You can be forgiven if you have never heard of right-wing radio host Michael Berry. He’s one of what seems like hundreds who crawl out from under some slime covered rock for a few hours a day and try to draw attention to themselves by being more outrageous than Rush Limbaugh. But unlike some of the others, Berry doesn’t even try to hide his racism.
On October 1, Berry invited his audience to call in and give examples of stereotypical things that white people like. When a black caller named Felton said that white people like to talk about black people, the host went into a rant that was both racist, and in some regards, unfortunately truthful.
Berry tells Felton that “most” white people would like to be as far away from black people as possible, and that the only time white people even think about black people is when they are around them. It’s certainly true that some, perhaps even a substantial minority of whites, would like to avoid black people, it’s a real stretch to say that most white people feel that way.
Sadly, the second part of Berry’s assertion is probably true in many cases. Because of white privilege, many white people don’t think about black people, or about race, unless something reminds them of it. Black people, on the other hand, are frequently reminded that in the eyes of some, their skin color makes them a second class citizen.
Berry tells Felton this:
I’m telling you that if white people are not around black people, they literally never talk about them. I’ve spent time with both groups and I’ll tell you that black people are obsessed with white people and white people simply want to get away…
The only time white people talk about black people is because black people cannot let them go. They can’t. Black people don’t know how to exist without white people around to blame their problems on.

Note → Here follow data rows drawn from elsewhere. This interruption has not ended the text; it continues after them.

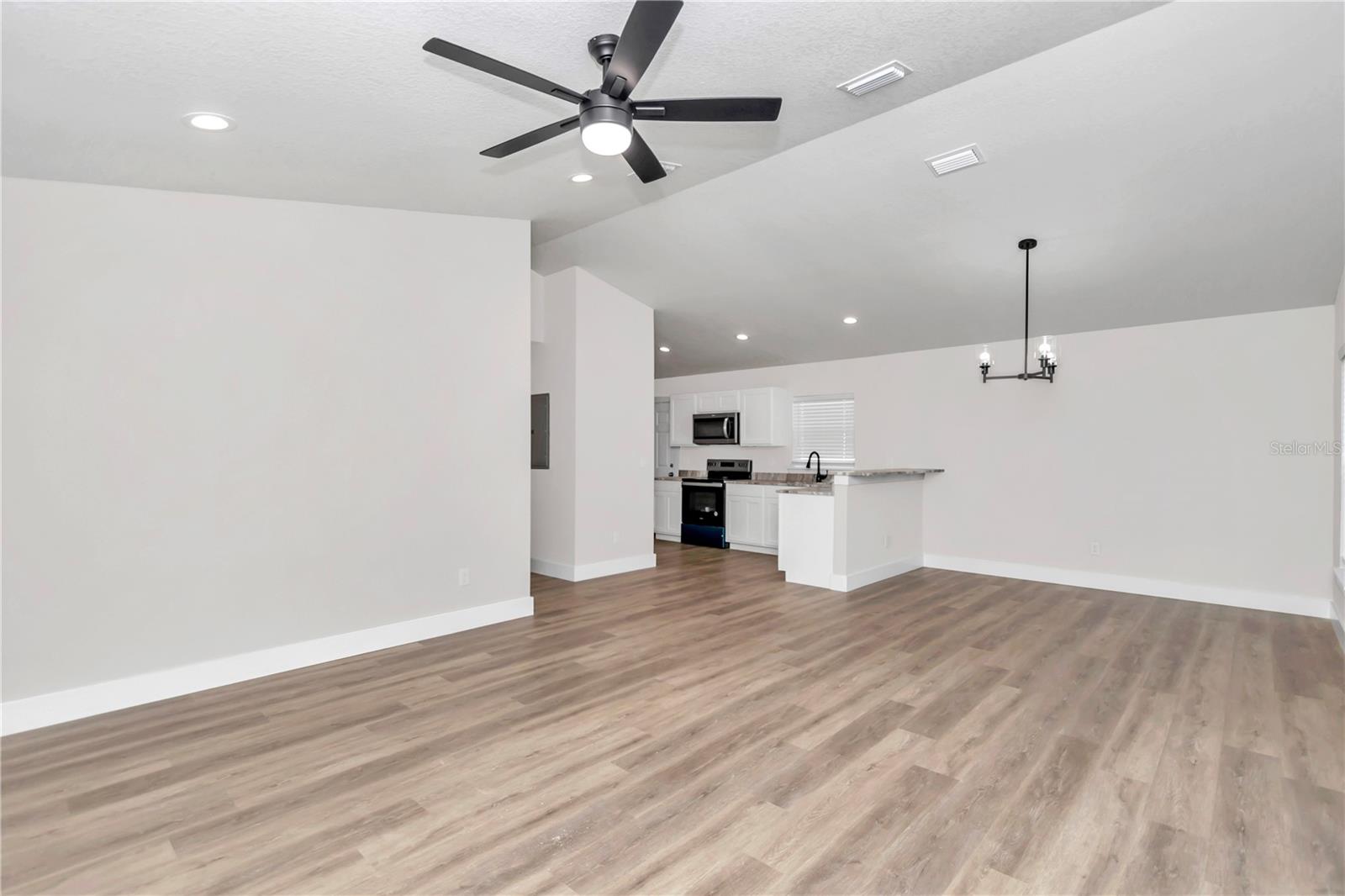 Image 7 of 35 For 206 9th Ave  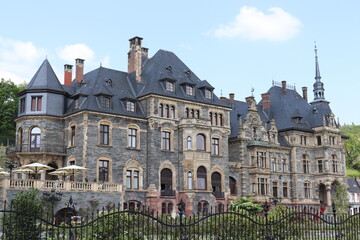 Fototapeta na wymiar Blick auf Schloss Lieser an der Mosel.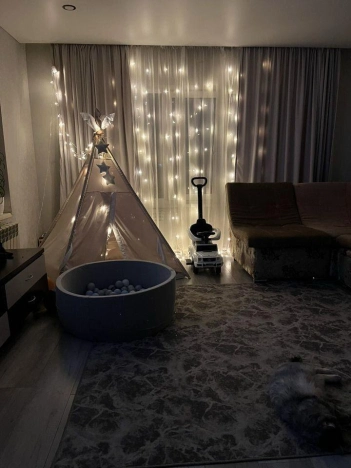 Купить дом на улице Садовая в Алтайском крае. Вариант № 37328, 9, площадь -  квм, цена 5500000 рублей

This came from the same show that Berry opened by talking about “White History Month,” which he says white people are excited about. But, he says, they won’t admit that they’re excited about it because they don’t want to appear “narcissistic.” The whole monologue is a jab at Black History Month. Berry and others like him don’t approve of highlighting black and other minorities’ contributions to America, but they also don’t want to acknowledge one simple thing: we don’t need a “White History Month.” White Americans have had white history years, decades, even centuries, where their achievements (and even atrocities) have been lauded, and the achievements of minorities have been ignored.